**PROBLEM TO WORK ON**
The lines to copy are those in the listing below that contain the word "view".

**DATA TO USE**
----

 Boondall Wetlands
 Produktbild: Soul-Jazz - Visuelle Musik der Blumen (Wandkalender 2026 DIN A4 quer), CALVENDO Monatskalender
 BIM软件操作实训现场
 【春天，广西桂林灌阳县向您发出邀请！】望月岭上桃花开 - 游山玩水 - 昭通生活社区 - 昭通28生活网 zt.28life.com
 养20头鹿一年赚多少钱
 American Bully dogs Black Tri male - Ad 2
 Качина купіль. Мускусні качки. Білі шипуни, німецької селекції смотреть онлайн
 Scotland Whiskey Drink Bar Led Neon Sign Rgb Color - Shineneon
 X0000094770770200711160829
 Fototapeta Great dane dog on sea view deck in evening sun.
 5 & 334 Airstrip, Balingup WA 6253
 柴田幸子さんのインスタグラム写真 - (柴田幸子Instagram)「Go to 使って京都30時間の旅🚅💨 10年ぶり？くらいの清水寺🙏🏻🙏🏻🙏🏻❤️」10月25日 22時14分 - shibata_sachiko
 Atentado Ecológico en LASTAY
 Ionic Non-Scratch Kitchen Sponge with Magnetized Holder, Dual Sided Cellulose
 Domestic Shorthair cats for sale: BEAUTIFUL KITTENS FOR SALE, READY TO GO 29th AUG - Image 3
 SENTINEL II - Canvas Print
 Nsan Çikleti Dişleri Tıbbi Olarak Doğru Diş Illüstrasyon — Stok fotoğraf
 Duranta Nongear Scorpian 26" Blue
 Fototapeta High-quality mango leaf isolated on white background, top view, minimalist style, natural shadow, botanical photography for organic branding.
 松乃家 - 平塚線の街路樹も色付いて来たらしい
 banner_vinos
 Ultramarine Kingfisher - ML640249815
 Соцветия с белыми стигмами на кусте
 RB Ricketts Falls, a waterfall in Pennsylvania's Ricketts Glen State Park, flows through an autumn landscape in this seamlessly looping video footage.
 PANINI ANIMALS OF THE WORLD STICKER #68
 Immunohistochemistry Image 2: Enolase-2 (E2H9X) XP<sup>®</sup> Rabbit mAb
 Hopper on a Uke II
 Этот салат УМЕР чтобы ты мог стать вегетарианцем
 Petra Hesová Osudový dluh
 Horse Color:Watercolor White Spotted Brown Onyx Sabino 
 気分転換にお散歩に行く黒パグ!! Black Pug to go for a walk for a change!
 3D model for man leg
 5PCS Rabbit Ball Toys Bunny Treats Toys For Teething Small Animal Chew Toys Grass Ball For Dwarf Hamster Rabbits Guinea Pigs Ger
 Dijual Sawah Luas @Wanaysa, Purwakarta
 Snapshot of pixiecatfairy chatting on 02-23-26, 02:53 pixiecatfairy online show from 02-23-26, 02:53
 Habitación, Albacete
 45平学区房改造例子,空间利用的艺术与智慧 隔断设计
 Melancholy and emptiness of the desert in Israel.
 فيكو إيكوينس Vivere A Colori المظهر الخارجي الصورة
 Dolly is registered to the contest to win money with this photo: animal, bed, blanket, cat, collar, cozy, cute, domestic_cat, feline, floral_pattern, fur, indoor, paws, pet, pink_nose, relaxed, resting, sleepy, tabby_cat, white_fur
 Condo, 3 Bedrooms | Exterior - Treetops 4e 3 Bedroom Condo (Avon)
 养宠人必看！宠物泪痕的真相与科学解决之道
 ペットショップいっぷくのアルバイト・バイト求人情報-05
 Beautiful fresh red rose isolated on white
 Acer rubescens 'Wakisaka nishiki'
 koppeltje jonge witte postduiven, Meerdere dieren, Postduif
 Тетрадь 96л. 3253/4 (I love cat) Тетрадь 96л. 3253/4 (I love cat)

----

**RESPONSE TO THE TASK**
 Fototapeta Great dane dog on sea view deck in evening sun.
 Fototapeta High-quality mango leaf isolated on white background, top view, minimalist style, natural shadow, botanical photography for organic branding.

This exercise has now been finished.